**Data for this task:**
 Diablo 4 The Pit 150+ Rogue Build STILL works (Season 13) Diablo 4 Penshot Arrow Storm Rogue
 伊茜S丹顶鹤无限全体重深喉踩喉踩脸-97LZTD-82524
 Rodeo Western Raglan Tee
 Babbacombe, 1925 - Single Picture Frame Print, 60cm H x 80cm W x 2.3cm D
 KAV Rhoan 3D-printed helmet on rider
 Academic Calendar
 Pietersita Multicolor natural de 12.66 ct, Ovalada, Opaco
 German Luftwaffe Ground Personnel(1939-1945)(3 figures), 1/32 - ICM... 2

==

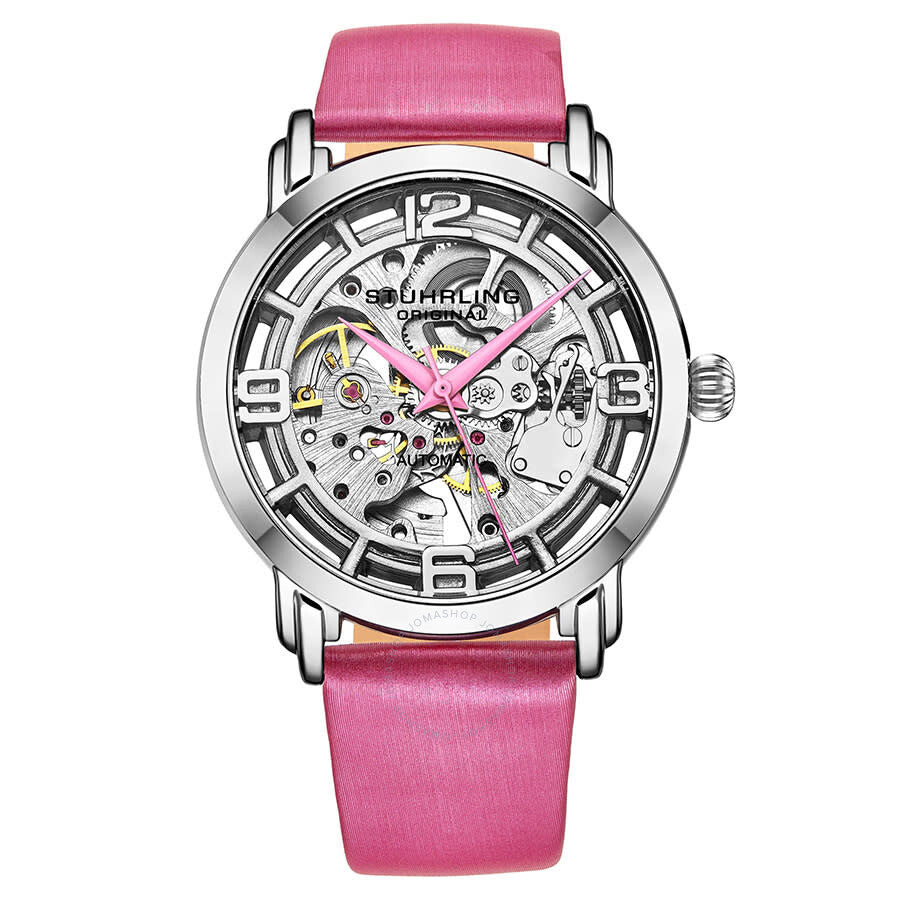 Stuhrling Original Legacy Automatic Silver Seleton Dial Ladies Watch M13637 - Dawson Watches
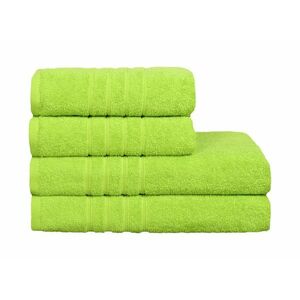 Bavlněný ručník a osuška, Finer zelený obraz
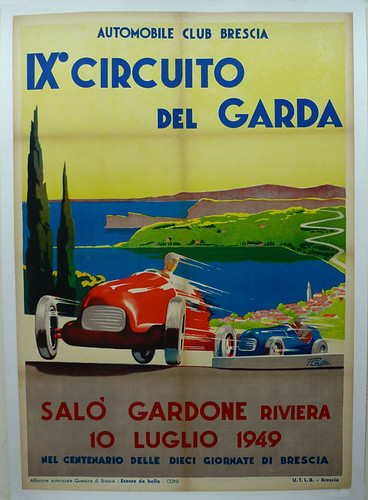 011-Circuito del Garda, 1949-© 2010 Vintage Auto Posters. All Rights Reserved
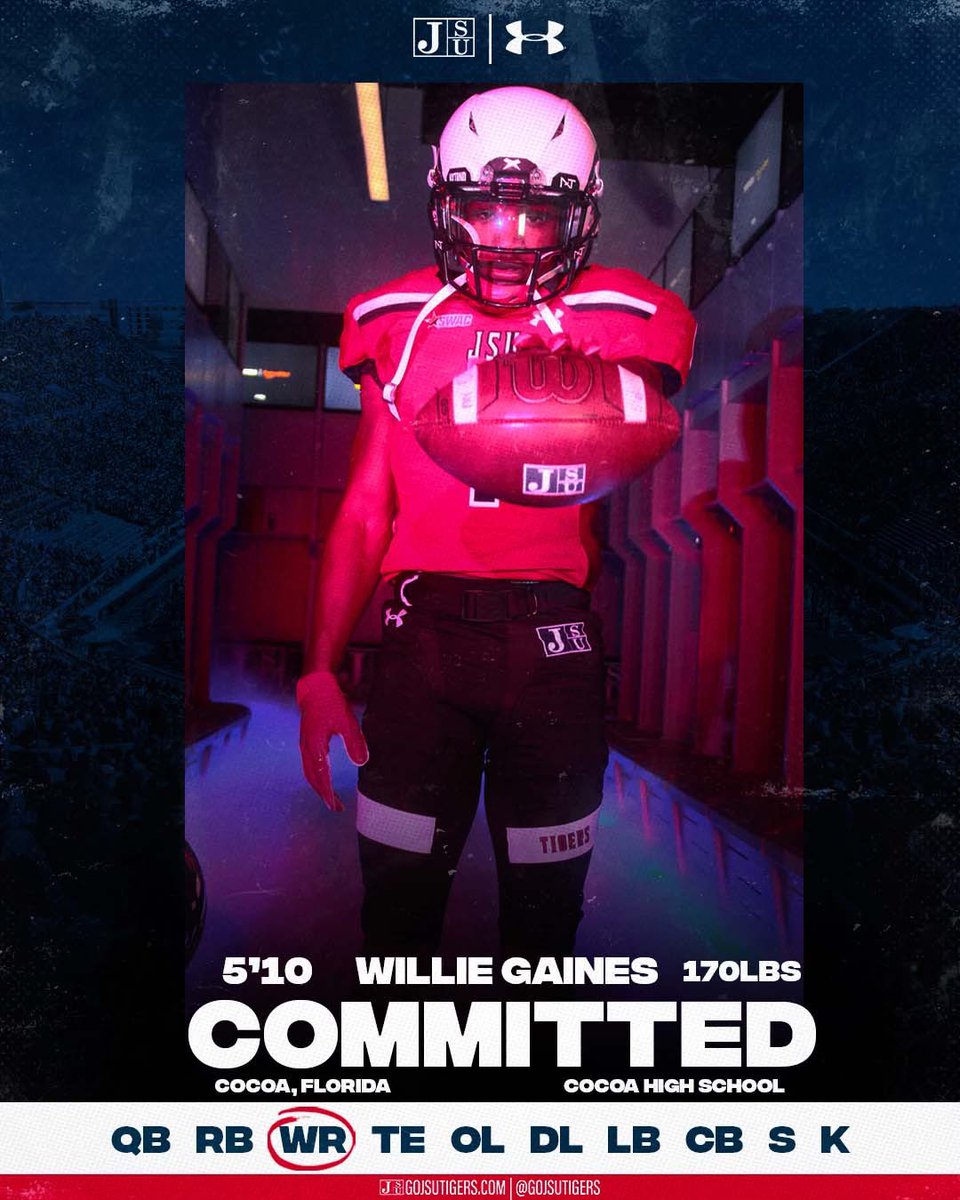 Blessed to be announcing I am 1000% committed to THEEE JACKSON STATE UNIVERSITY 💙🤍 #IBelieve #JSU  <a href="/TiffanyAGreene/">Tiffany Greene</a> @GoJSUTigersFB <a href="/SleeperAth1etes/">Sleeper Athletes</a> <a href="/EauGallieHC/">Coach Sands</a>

==

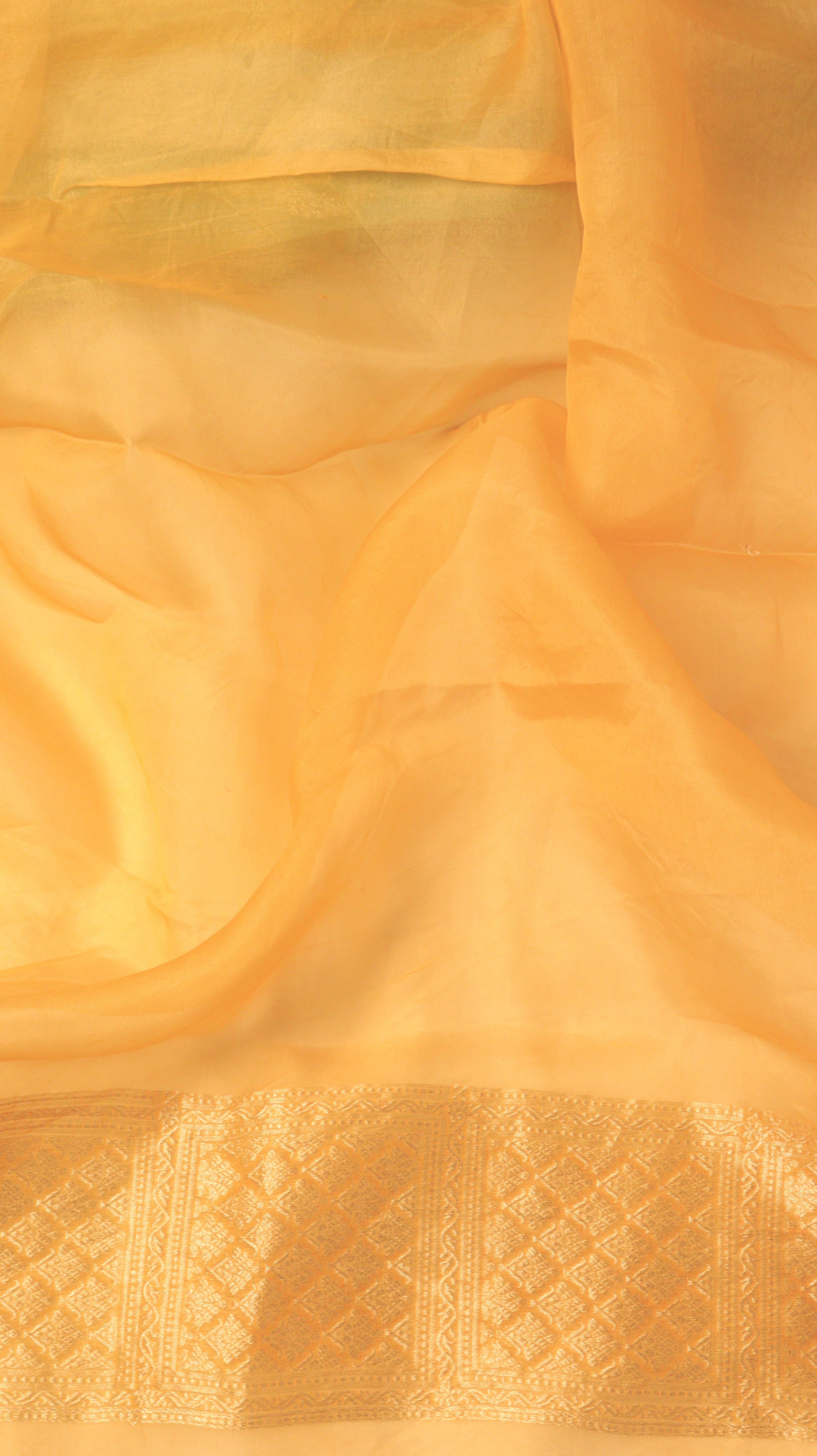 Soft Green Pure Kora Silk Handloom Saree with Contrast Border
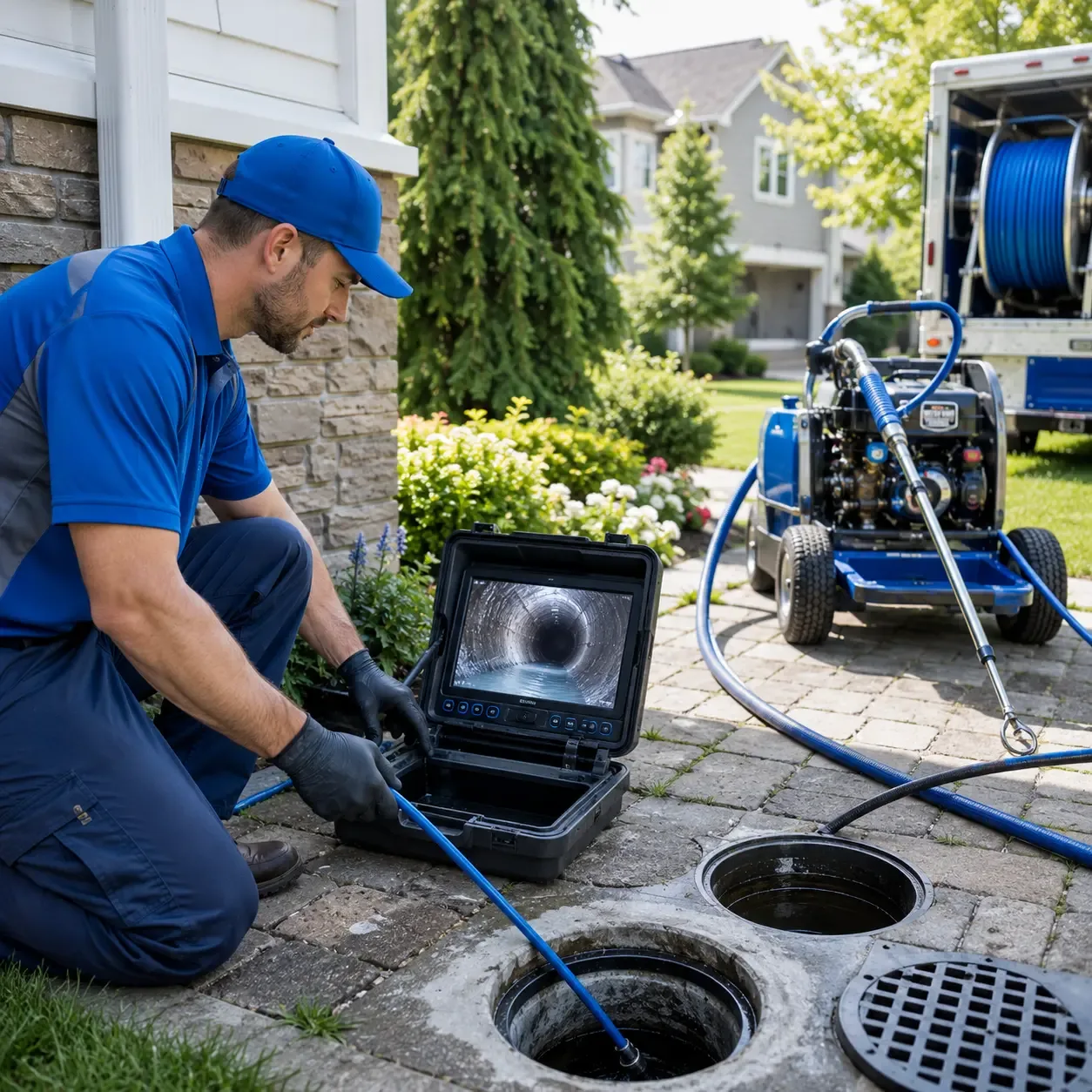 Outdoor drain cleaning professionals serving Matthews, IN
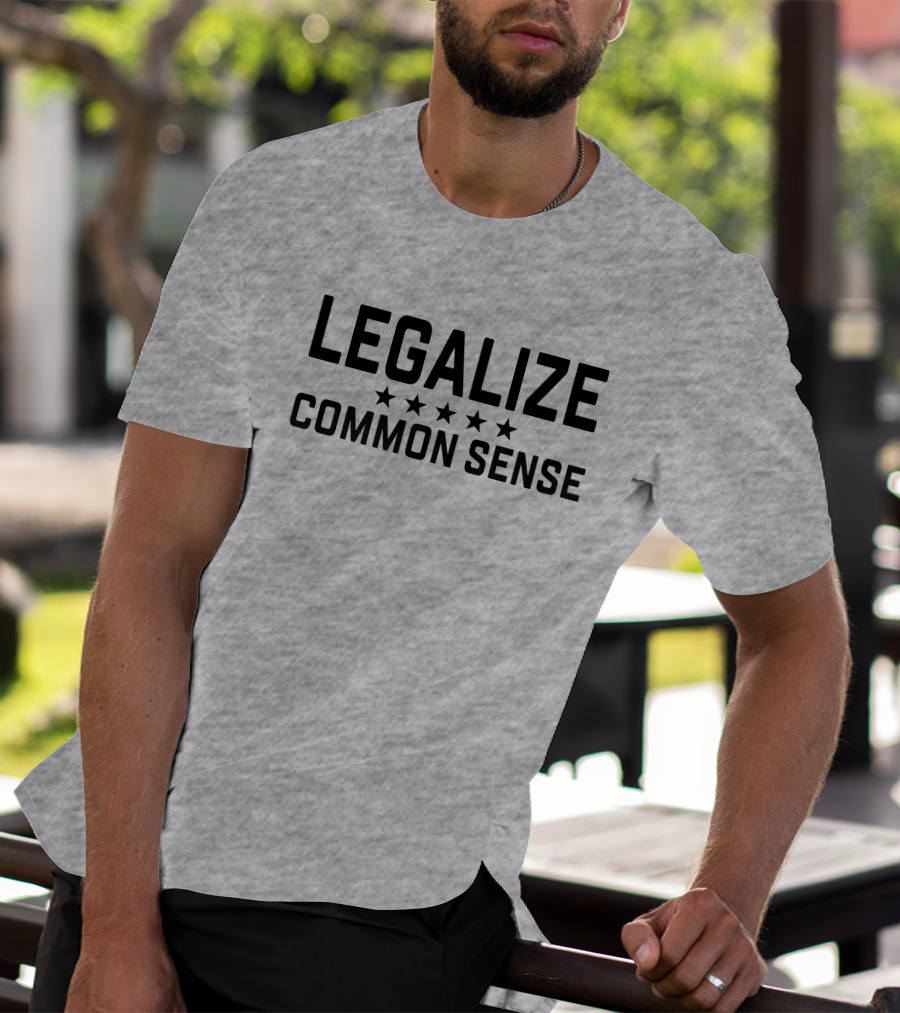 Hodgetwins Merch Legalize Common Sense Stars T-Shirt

**Assignment:** Give back the records above exactly, limited to the lines between the one holding "Pietersita Multicolor natural" and the one holding "German Luftwaffe Ground", inclusive.

**Response to the task:**
 Pietersita Multicolor natural de 12.66 ct, Ovalada, Opaco
 German Luftwaffe Ground Personnel(1939-1945)(3 figures), 1/32 - ICM... 2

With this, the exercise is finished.